In some embodiments, the leaf nodes are utilized to store an index portion and pointers to storage locations in memory space for common prefixes, and an index table is generated based on the leaf nodes. The leaf nodes in the index tree are divided into continuous intervals according to the optimal common prefix based on the initial sliding window, and the common prefix is uniformly stored, so that the index compression of the database is realized, and the index compression rate of the database is effectively improved.

Referring to fig. 7, in some embodiments of the present application, the step S203 may further include, but is not limited to, the following steps S601 to S602.

In step S601, the first boundary of the initial sliding window is taken as the first boundary of the second sliding window.

In some embodiments, updating the second boundary of the initial sliding window results in the second sliding window, in particular, keeping the first boundary of the initial sliding window unchanged, i.e., taking the first boundary of the initial sliding window as the first boundary of the second sliding window.

Step S602, taking the preset boundary as a second boundary of the second sliding window.

In some embodiments, the preset boundary is taken as the second boundary of the second sliding window, that is, the next leaf node of the leaf nodes where the second boundary of the initial sliding window is located is taken as the second boundary of the second sliding window.

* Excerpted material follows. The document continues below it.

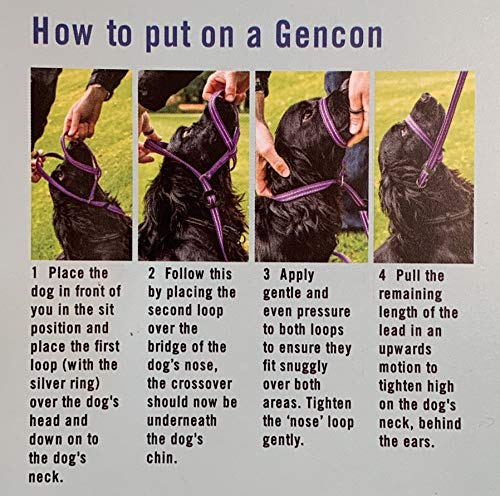 Gencon Collar todo en uno, no se engancha para evitar tirones, se adapta a todos los perros (café/crema, diestros).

The initial sliding window is updated to obtain a second sliding window, so that the sliding window length is increased, and more leaf nodes are contained. By setting the sliding window and controlling the size of the sliding window according to the benefits, the optimal common prefix of each leaf node in the leaf node list can be dynamically searched.

Referring to fig. 8, in some embodiments of the present application, the database index compression method may further include, but is not limited to, the following steps S701 to S703.

In step S701, in response to the index query instruction, a target leaf node is acquired based on the index table.

In some embodiments, in response to an index query instruction, starting from a root node of an index tree, a key value to be looked up is compared to a key in a current node. Illustratively, if the key to be found is smaller than the smallest key in the current node, the left subtree is entered. And if the key value to be searched is greater than or equal to the maximum key word in the current node, entering a right subtree. If the key value to be searched is between some two keywords in the current node, entering the corresponding subtree. The above steps are repeated until the leaf node is reached, and finally, the target leaf node is obtained according to the index table, which is not limited in this embodiment.

Step S702, according to the pointer in the target leaf node, the common prefix is acquired in the memory space.

According to the pointers stored in the target leaf nodes, the common prefixes stored in the corresponding positions can be quickly acquired in the memory space.

In step S703, the common prefix and the index portion in the target leaf node are combined to obtain the index value of the target leaf node.

In some embodiments, the obtained common prefix is combined with the index portion in the target leaf node, so that an index value of the target leaf node, that is, a target result of the index query instruction, can be obtained. Illustratively, the target leaf node is leaf node 1, the common prefix is BLE, the index portion is 1Cf, and BLE1Cf is obtained after combination.

Referring to fig. 9, in some embodiments of the present application, the database index compression method may further include, but is not limited to, the following steps S801 to S802.

Step S801, obtain the index value to be inserted, and insert the index value to be inserted into the target leaf node.

In some embodiments, an index value to be inserted is obtained, starting from a root node of the index tree, comparing the index value to be inserted with keywords in the node, finding a target leaf node and inserting the target leaf node.

In step S802, if there is a common prefix in the memory space that matches the index value of the target leaf node, the target leaf node is compressed using the common prefix.

In some embodiments, the index value of the target leaf node is changed when the index value to be inserted is inserted into the target leaf node. Further, whether the common prefix matches the index value of the target leaf node is found in the memory space, and if the common prefix matches the index value of the target leaf node, the target leaf node is compressed by using the common prefix, which is not limited in this embodiment.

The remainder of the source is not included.